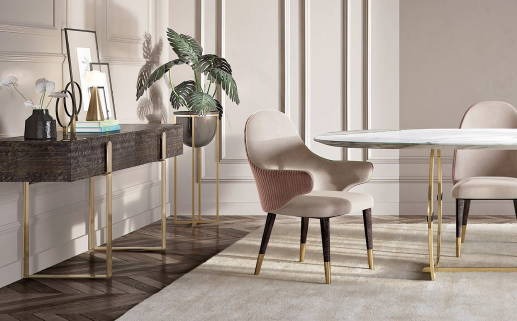 2025年农历腊月十四装修好不好 今日装潢房子好吗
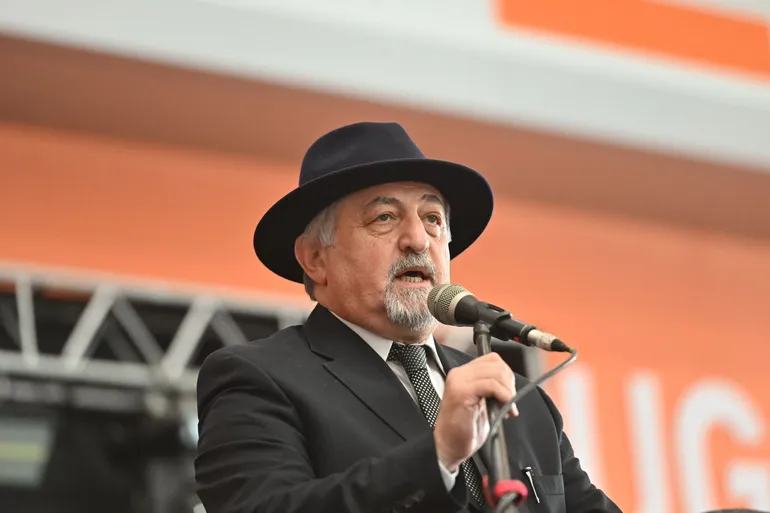 Othar y la SCPL: «las tarifas serán justas y razonables»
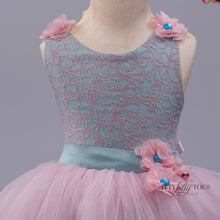 Sammi Dress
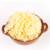 Imagem do Chucrute Conserva Repolho Fermentado Grutzmacher Kit 6 Unid
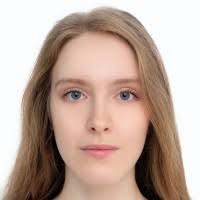 WEBINAR WEB PICTURE copyjpg Veronika Shilova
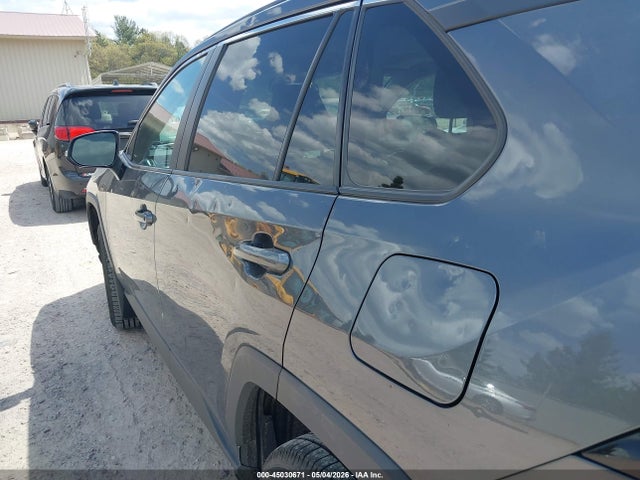 Aukcja sprzedaży 2020 Toyota Rav4 Xle, vin: 2T3P1RFV9LC078197, numer aukcji: 45030671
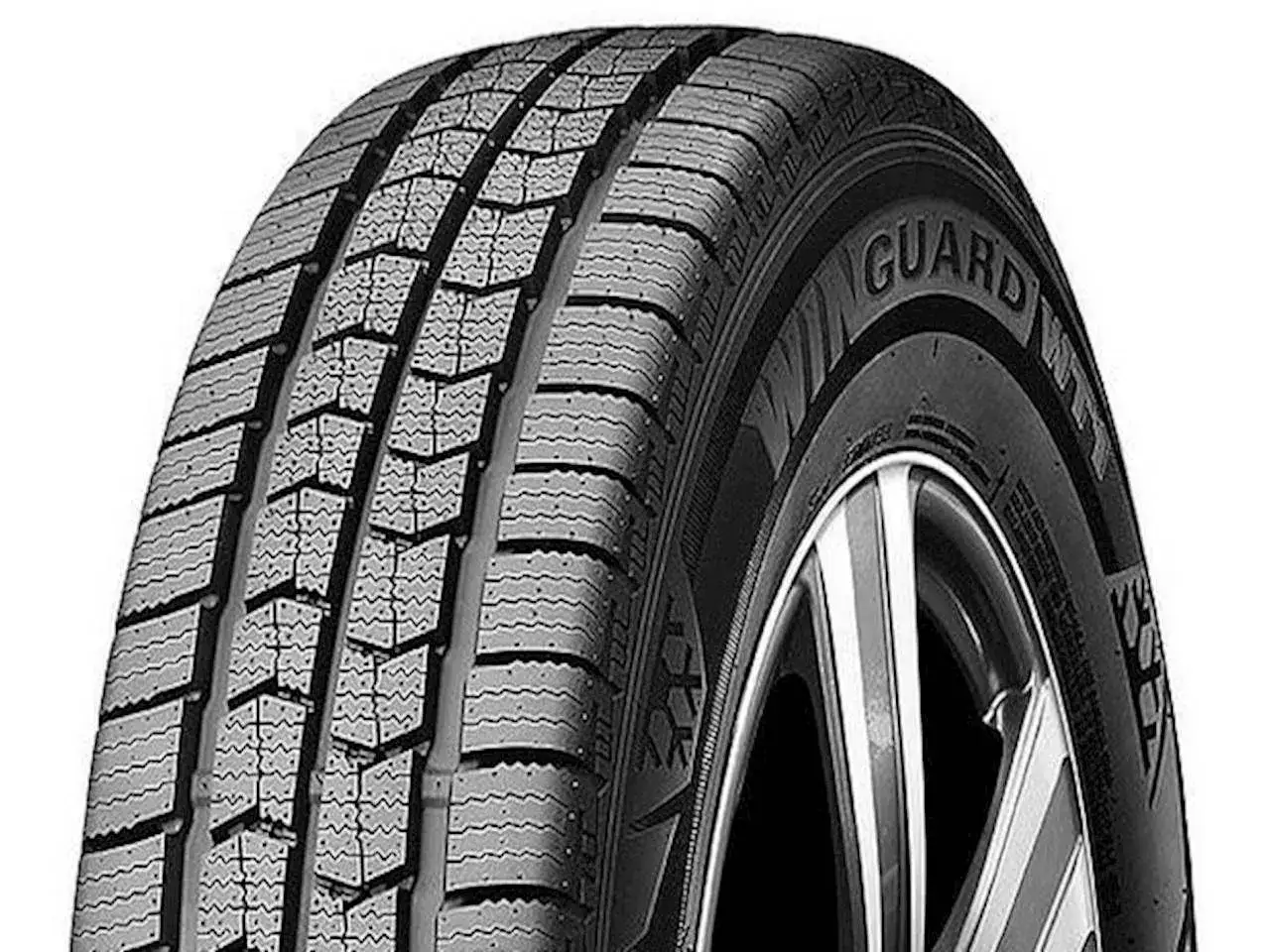 Opony Nexen na pierwszy montaż w samochodach premium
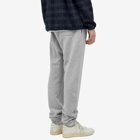 END. x Polo Ralph Lauren Men's Sporting Goods Sweat Pants in Andover Heather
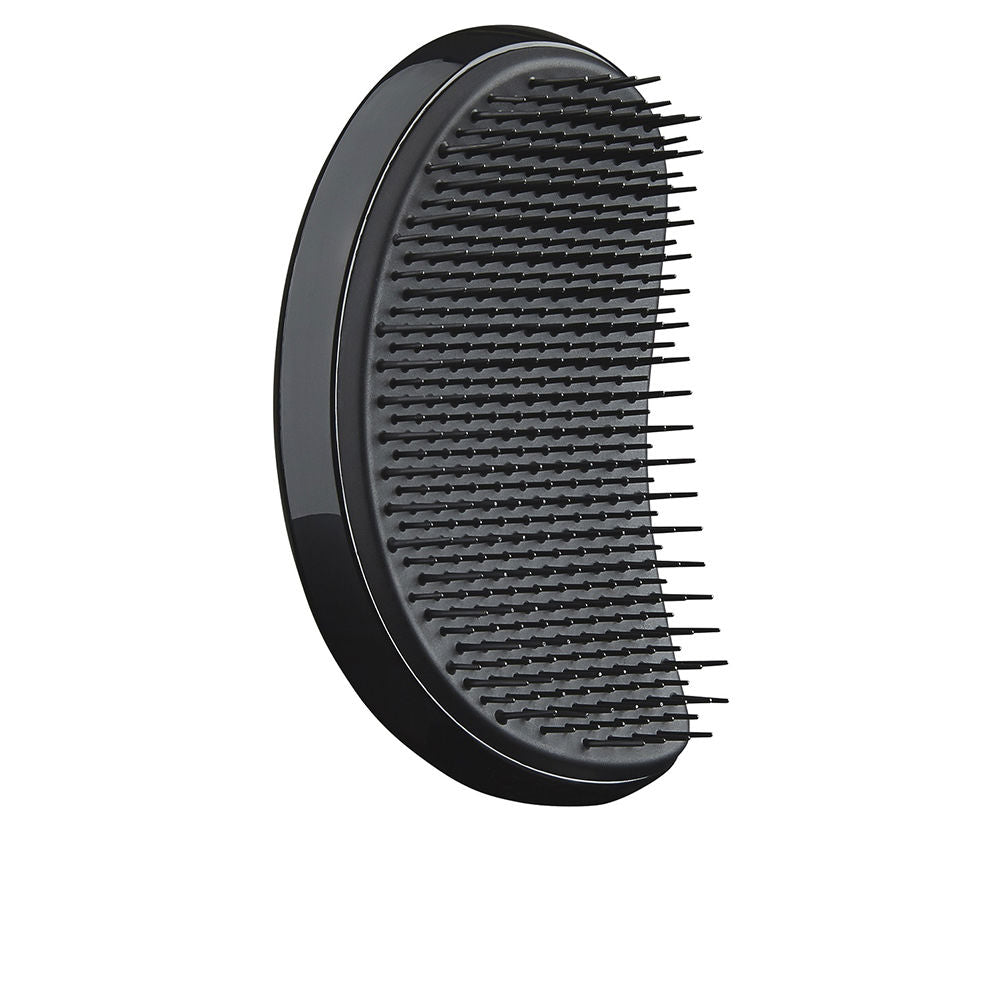 Brosse démêlante Salon Elite (noir)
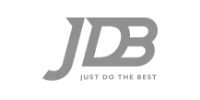 Logo của đối tác 5
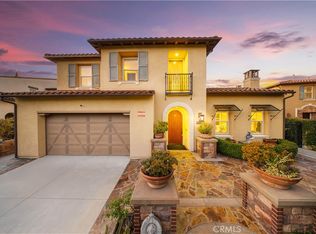 19679 Highland Terrace Dr, Walnut, CA 91789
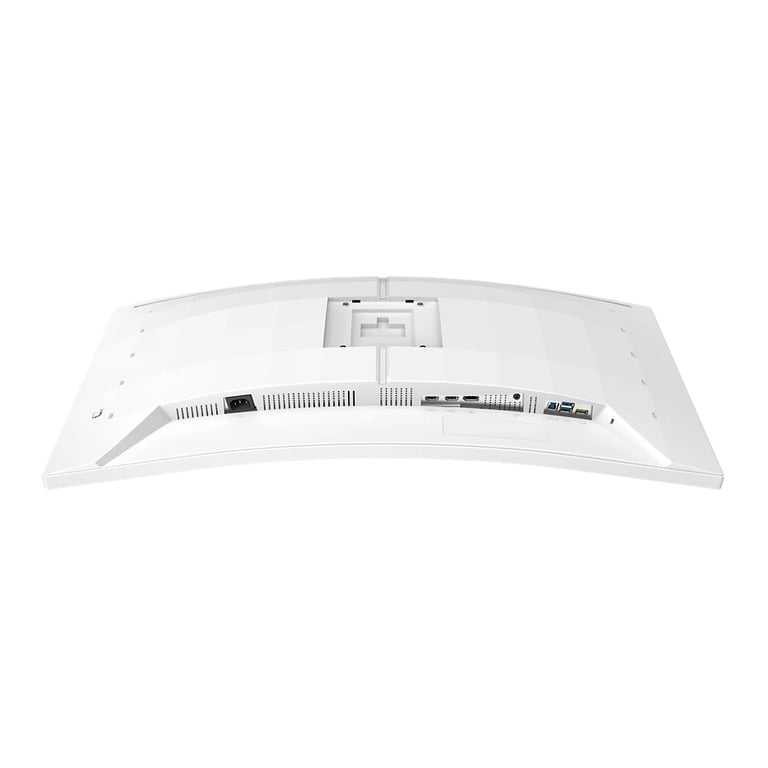 Монітор Philips 34M2C5501A/00 - фото 3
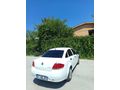 Sahibinden Fiat Linea 1.4 Fire Actual Plus 2013 Model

→ **Task details**
Write every record out again exactly, omitting the pictures they hold.

→ **Your response**
 2025年农历腊月十四装修好不好 今日装潢房子好吗
 Othar y la SCPL: «las tarifas serán justas y razonables»
 Sammi Dress
 Imagem do Chucrute Conserva Repolho Fermentado Grutzmacher Kit 6 Unid
 WEBINAR WEB PICTURE copyjpg Veronika Shilova
 Aukcja sprzedaży 2020 Toyota Rav4 Xle, vin: 2T3P1RFV9LC078197, numer aukcji: 45030671
 Opony Nexen na pierwszy montaż w samochodach premium
 END. x Polo Ralph Lauren Men's Sporting Goods Sweat Pants in Andover Heather
 Brosse démêlante Salon Elite (noir)
 Logo của đối tác 5
 19679 Highland Terrace Dr, Walnut, CA 91789
 Монітор Philips 34M2C5501A/00 - фото 3
 Sahibinden Fiat Linea 1.4 Fire Actual Plus 2013 Model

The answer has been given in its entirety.